§ Prompt
Begin at the top of the records and copy each line exactly. The line containing "Apartament 2 camere" is the last one to include.

(Data provided)

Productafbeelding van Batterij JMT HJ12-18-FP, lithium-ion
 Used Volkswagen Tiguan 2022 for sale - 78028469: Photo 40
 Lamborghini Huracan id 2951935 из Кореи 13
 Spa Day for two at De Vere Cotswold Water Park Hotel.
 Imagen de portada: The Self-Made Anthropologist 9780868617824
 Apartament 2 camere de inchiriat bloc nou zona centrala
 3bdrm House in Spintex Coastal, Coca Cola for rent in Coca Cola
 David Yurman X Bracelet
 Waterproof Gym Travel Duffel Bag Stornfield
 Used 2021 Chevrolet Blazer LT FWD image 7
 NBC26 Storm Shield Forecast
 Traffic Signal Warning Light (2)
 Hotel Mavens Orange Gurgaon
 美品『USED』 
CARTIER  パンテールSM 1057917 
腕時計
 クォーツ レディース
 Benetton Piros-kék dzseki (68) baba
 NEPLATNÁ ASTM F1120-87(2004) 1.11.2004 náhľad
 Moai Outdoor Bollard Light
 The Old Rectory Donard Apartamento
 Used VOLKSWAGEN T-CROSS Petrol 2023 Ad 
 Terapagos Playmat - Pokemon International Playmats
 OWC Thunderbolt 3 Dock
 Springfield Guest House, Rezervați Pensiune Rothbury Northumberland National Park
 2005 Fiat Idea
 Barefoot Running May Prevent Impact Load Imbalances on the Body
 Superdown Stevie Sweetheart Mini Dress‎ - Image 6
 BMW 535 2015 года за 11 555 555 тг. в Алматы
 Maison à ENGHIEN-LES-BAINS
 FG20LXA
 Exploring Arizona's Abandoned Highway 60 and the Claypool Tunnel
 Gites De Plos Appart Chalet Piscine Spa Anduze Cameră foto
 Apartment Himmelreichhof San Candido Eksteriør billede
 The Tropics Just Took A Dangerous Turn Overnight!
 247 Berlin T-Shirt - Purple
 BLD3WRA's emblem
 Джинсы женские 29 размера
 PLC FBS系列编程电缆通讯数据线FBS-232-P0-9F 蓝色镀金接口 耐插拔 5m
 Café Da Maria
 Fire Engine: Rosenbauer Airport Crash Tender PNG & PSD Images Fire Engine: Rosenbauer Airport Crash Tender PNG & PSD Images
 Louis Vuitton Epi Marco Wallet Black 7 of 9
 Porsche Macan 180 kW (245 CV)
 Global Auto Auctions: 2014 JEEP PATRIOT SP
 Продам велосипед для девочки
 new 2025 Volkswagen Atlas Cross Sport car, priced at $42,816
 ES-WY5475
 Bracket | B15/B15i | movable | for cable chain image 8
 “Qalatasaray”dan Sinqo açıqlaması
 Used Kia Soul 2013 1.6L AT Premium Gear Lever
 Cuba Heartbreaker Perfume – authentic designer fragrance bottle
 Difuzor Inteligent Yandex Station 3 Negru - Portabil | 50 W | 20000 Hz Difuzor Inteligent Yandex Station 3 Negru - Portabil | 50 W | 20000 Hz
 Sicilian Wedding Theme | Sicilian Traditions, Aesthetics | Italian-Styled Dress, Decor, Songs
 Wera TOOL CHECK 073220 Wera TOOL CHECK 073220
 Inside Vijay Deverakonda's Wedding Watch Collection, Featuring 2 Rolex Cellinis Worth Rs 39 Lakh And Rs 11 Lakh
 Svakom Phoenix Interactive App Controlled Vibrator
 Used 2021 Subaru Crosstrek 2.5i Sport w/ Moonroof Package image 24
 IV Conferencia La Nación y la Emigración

(End Data provided)

§ Task result
Productafbeelding van Batterij JMT HJ12-18-FP, lithium-ion
 Used Volkswagen Tiguan 2022 for sale - 78028469: Photo 40
 Lamborghini Huracan id 2951935 из Кореи 13
 Spa Day for two at De Vere Cotswold Water Park Hotel.
 Imagen de portada: The Self-Made Anthropologist 9780868617824
 Apartament 2 camere de inchiriat bloc nou zona centrala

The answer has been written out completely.